Darling Girl: A Novel of Peter Pan(71)



Holly doesn’t answer.

“It doesn’t matter,” he says, but it’s as if he’s talking to himself. “It doesn’t matter what you say. I know what I saw.” He rubs his wrist absently, although whatever mark was there is gone. “She was here. She called me Flea. She talked about riding a boat. A pirate ship.”

Those last words stir something in Holly, a scrap of memory. She wants to chase it down, but all her focus is on Jack. She sits down on the bed beside him. “Jack,” she says, “I’m really worried about you.” She shows him the needle in her hand.

“I thought it was all gone,” he says flatly.

“I had a last supply, and had someone send it over. I think we should use it now. All of it.”

She waits, but he doesn’t speak.

“Jack . . . ,” she begins.

“It’s Eden, isn’t it?”

He’s looking at her the same way he looked last night, a mixture of fear and . . . something else. Repugnance? Her stomach clenches.

“What do you mean?”

“I’m not stupid. When you have low iron, you take pills,” he says. He turns away. “I worked it out. That’s why there was all that medical equipment in Cornwall. Not because she was sick. But because she was some kind of perfect donor for me. And when she disappeared, so did the blood supply.”

“Jack, she was sick.”

“And all these years, you kept her that way for me?”

“No! Jack, listen. I—”

“You’re the one who’s sick. Not Eden. Not me.”

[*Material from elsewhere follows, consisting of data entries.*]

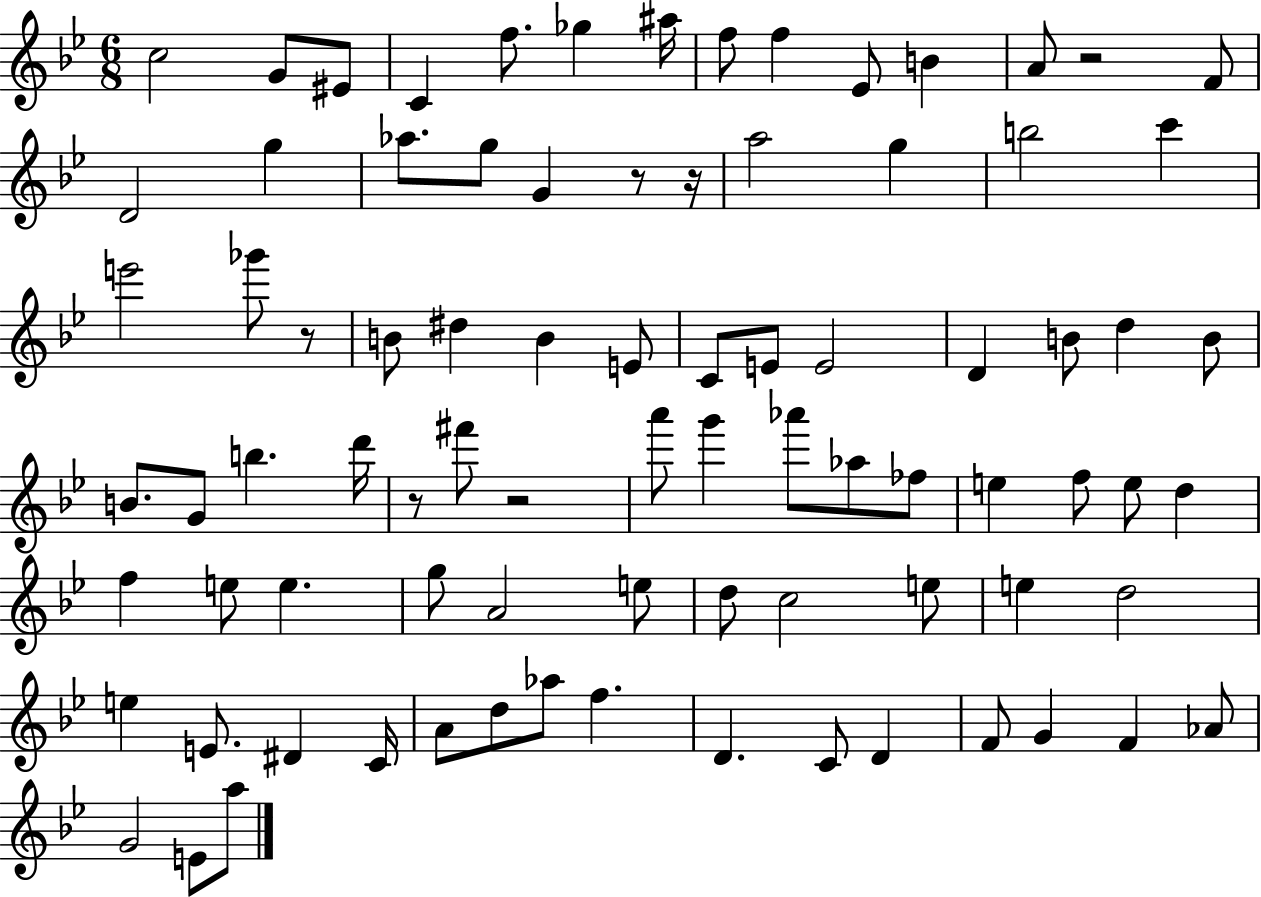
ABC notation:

X:1
T:Untitled
M:6/8
L:1/4
K:Bb
c2 G/2 ^E/2 C f/2 _g ^a/4 f/2 f _E/2 B A/2 z2 F/2 D2 g _a/2 g/2 G z/2 z/4 a2 g b2 c' e'2 _g'/2 z/2 B/2 ^d B E/2 C/2 E/2 E2 D B/2 d B/2 B/2 G/2 b d'/4 z/2 ^f'/2 z2 a'/2 g' _a'/2 _a/2 _f/2 e f/2 e/2 d f e/2 e g/2 A2 e/2 d/2 c2 e/2 e d2 e E/2 ^D C/4 A/2 d/2 _a/2 f D C/2 D F/2 G F _A/2 G2 E/2 a/2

“Please, Jack, you need to listen. And you need to stay calm.” She tries to keep her voice steady.

“You kept my sister chained to a bed, and you’re telling me not to get worked up?”

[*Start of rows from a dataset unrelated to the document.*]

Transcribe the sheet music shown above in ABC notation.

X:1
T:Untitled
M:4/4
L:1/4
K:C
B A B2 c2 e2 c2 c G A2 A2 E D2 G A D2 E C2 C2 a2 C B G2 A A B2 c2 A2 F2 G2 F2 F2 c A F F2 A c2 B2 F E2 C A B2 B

“It’s not like that.” She reaches out to him, but he recoils, and it’s as if he’s slapped her. Too late, she realizes her mistake. By not telling him the truth from the beginning, she’s allowed him to imagine it now as so much worse.

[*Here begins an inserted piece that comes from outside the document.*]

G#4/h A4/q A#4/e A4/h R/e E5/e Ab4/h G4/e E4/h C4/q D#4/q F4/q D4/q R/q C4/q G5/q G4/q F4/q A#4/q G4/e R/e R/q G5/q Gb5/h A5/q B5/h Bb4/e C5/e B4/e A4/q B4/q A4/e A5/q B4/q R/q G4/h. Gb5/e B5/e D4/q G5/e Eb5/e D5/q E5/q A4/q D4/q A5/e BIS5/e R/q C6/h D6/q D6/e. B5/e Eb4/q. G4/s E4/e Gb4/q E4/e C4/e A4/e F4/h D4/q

“Listen.” She tells him again about the accident, how Eden never woke up. “I did everything I could. I took Eden to every doctor I could find. You have to believe me.” She blinks back tears.

“Right. If you loved her so much, why did you use her like that?”

“After the car crash, your right leg was destroyed, and your left wasn’t much better. You had so many injuries, had broken so many bones—you fatigued so easily,” she says. She looks at him and realizes some part of her still sees him, will always see him, as the frail child he once was. “You spent all your time trying to follow her, but you couldn’t. And then I came home from the hospital, from being with her, and you ran to me.”

“So?”

“You hadn’t been able to run—hadn’t even been able to walk, not really—since the car crash.”

He looks at her uncomprehendingly.

“When Eden fell, she hit her head—that’s why she couldn’t wake up. There was a lot of blood. And somehow it got on you, on your injuries, and it . . . healed you.”

“I don’t understand.”

“There’s something special about Eden’s blood,” she says. She leaves out any mention of magic, of Peter Pan. Jack is a child of New York, not London. He has no interest in fairy tales, and Holly’s always insisted this particular story wasn’t true. “But the help it gives wears off. It doesn’t last forever—only a month or so. You need another infusion of it or you start to fade.”

With a teenager’s self-absorption, he skips over the question of why Eden is different. “What happens if I stop taking it?”

“I don’t know. I swear.” There’s a long pause while Holly weighs what to say. She decides that in this case the truth can only help. “Worst case? There’s a chance you could die. You were injured so badly, the doctors were never certain you would recover.”

She sees it on his face, the knowledge that what she’s been doing has been keeping him alive all these years. And then she sees it harden into something she doesn’t recognize.

“There has to be another choice,” he says. “Something else that would work. A drug. Or therapy. Or maybe I’m really healed after all this time. You don’t know for sure.”

“I don’t think so,” she says gently. “Not the way you’ve been feeling. This is the longest you’ve gone without an injection, and every time you exert yourself, or do something like drink, you get worse. I don’t know what’s going on—maybe, because you’re hitting puberty, your body and how it responds is changing. But the injections aren’t working the way they used to.”

“But I’m fine right now!” And then it’s his turn to pause, and she sees him remember something. He looks at his wrist, rubs it. She follows his glance. There’s nothing there.

“What is it?”

“Nothing.” He shakes his head. “I don’t care. I won’t take it again.”

“Jack . . .”

“You can’t make me. You’ll have to tie me down, keep me in a coma. Then I’d be the way you want. I can’t talk back, I can’t get into trouble.” He looks her right in the eye. “I can’t get hurt. I can’t grow up.”